Фильм режиссёра Алексея Германа-младшего формально – о неспособности человека вписаться в мутный поток. В первой же сцене звучат слова о том, что написанное с умом и душой не печатают, на работе требуют воодушевляющих поэм про нефтяников, художники-диссиденты спекулируют колготками, Бродского уже судили. Все пьют.
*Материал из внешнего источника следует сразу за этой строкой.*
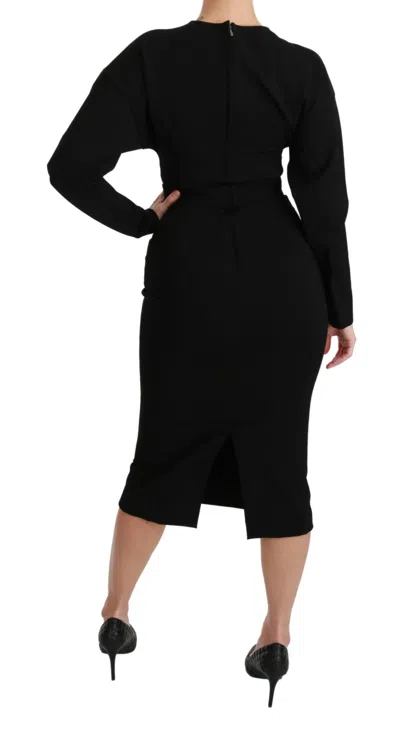 Dolce & Gabbana Black Bodycon Sheath Midi Stretch Dress In Black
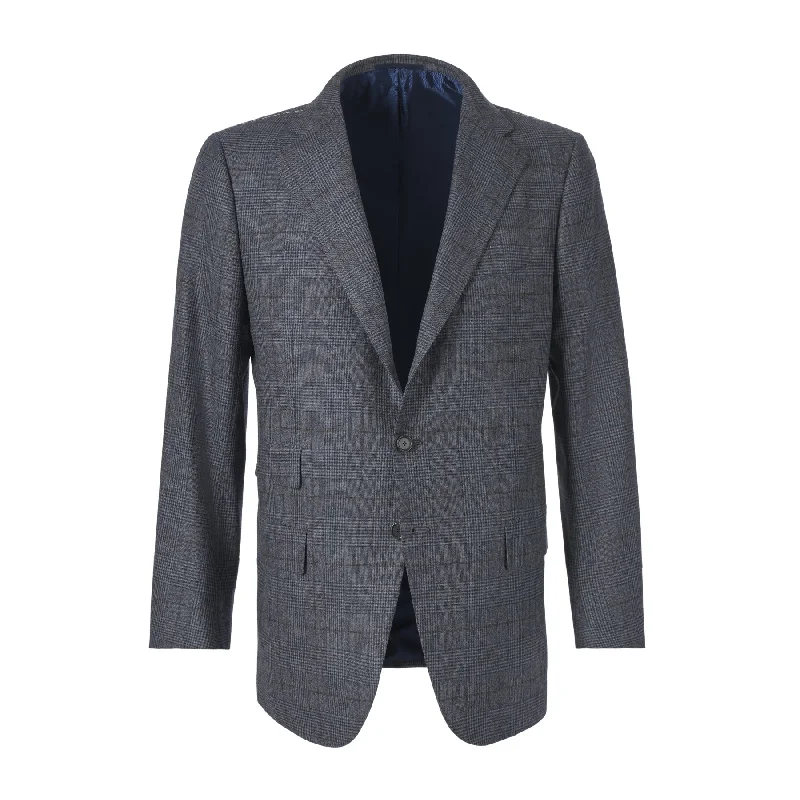 Men's relaxed fit suit -Single-Breasted Glencheck Wool and Cashmere-Blend Suit in Blue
Даже лица молодых женщин в эти оскаленные времена постепенно стираются перед глазами, лишаясь индивидуальных черт, а сами они – имён: одну блондинку зовут «актриса», а другую – «девушка с завода». Зрители этими женщинами и то больше интересуются и лучше знают: одна – Светлана Ходченкова, а другая тоже красивая.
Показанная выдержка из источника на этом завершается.